» ACTIVITY
Leave the pictures out. Retype exactly the lines below from the one containing "Dnoifne The Thinker" through the one containing "Set impronta Zampa", and no others.

» MATERIAL PROVIDED
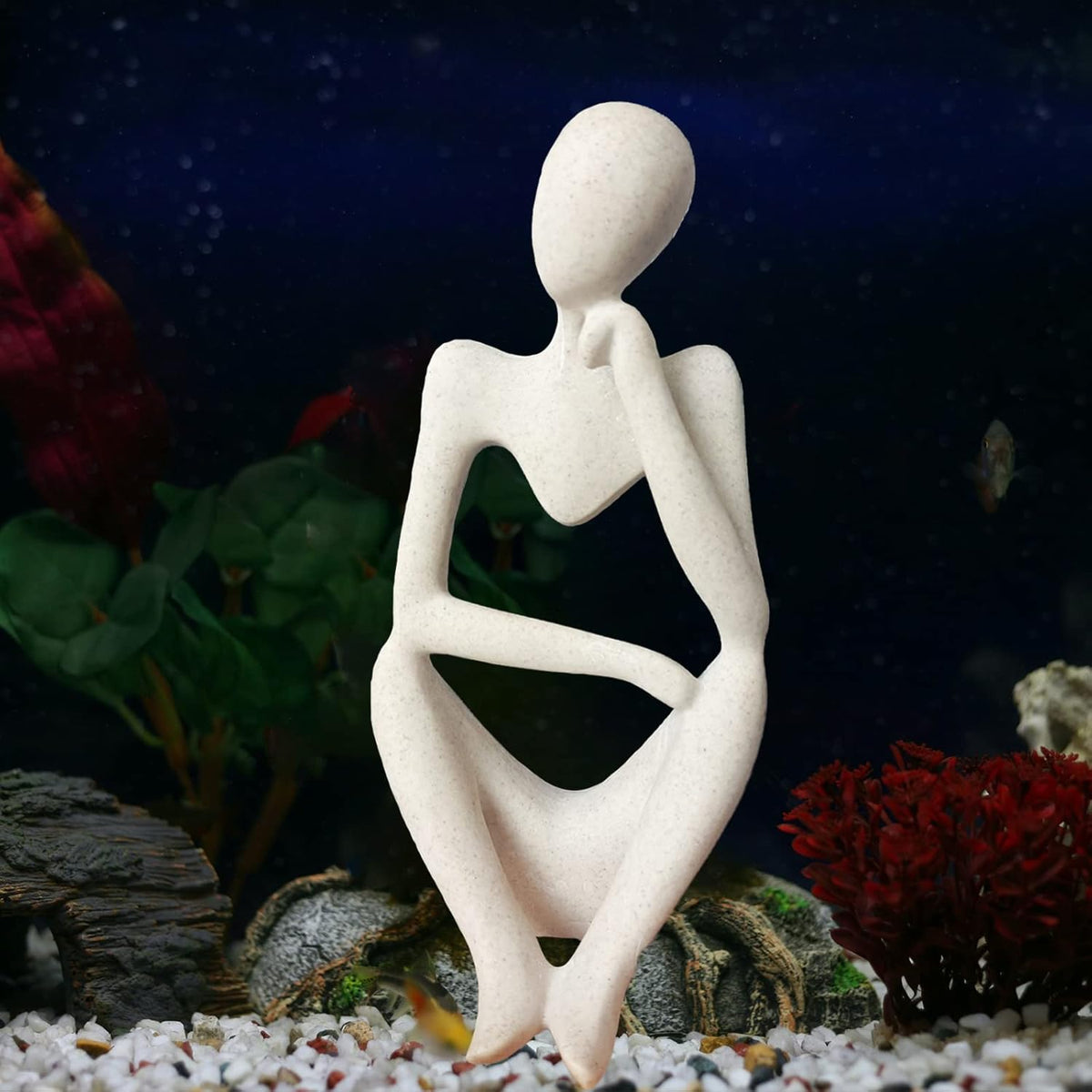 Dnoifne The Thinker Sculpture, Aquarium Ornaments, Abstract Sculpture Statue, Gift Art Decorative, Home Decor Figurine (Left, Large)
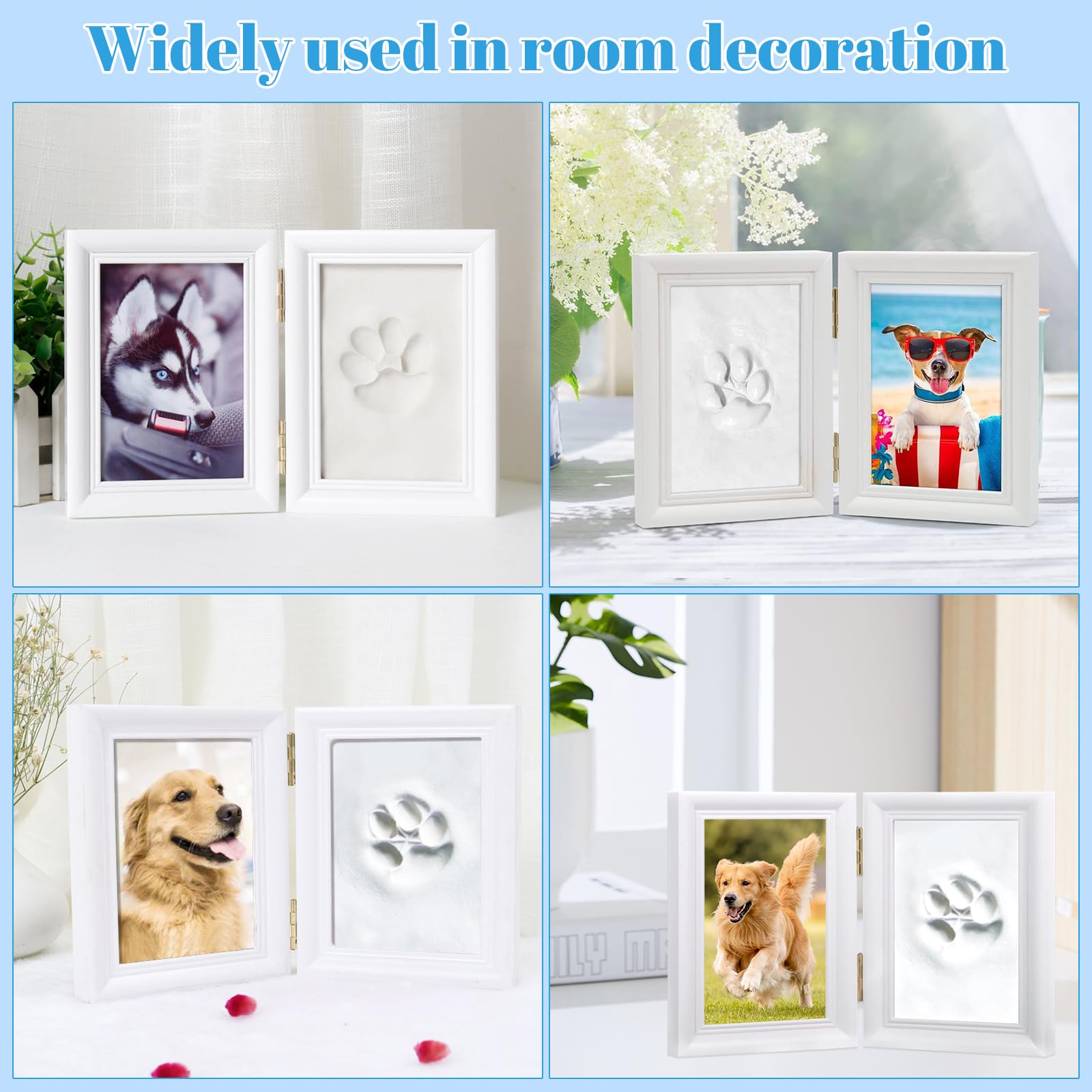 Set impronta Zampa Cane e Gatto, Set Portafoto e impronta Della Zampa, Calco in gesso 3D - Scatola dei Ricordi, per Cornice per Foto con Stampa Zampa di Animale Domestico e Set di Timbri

...

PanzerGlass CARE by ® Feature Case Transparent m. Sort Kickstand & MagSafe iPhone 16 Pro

...

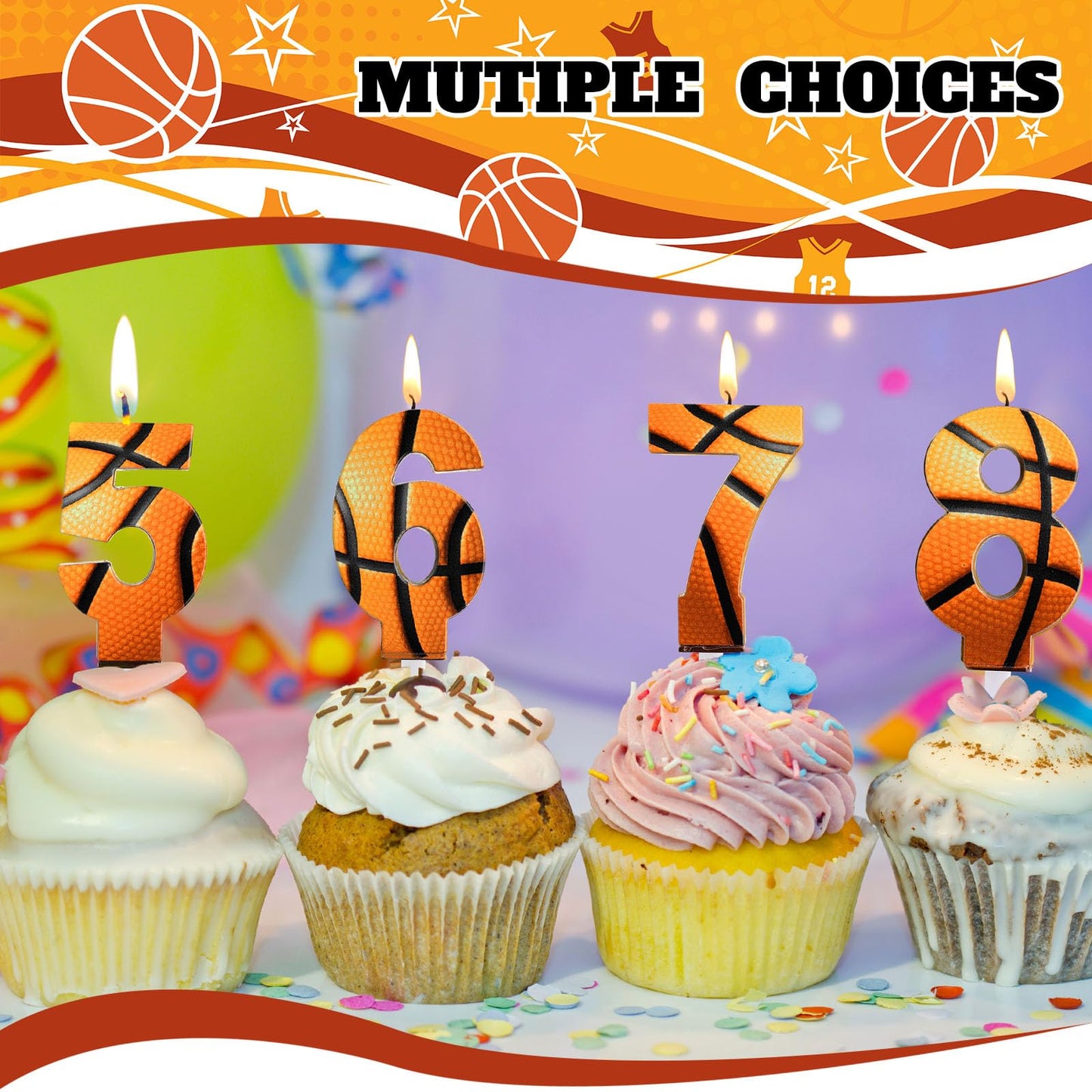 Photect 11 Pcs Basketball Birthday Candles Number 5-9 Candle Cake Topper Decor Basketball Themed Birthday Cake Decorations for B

» ANSWER BOX
 Dnoifne The Thinker Sculpture, Aquarium Ornaments, Abstract Sculpture Statue, Gift Art Decorative, Home Decor Figurine (Left, Large)
 Set impronta Zampa Cane e Gatto, Set Portafoto e impronta Della Zampa, Calco in gesso 3D - Scatola dei Ricordi, per Cornice per Foto con Stampa Zampa di Animale Domestico e Set di Timbri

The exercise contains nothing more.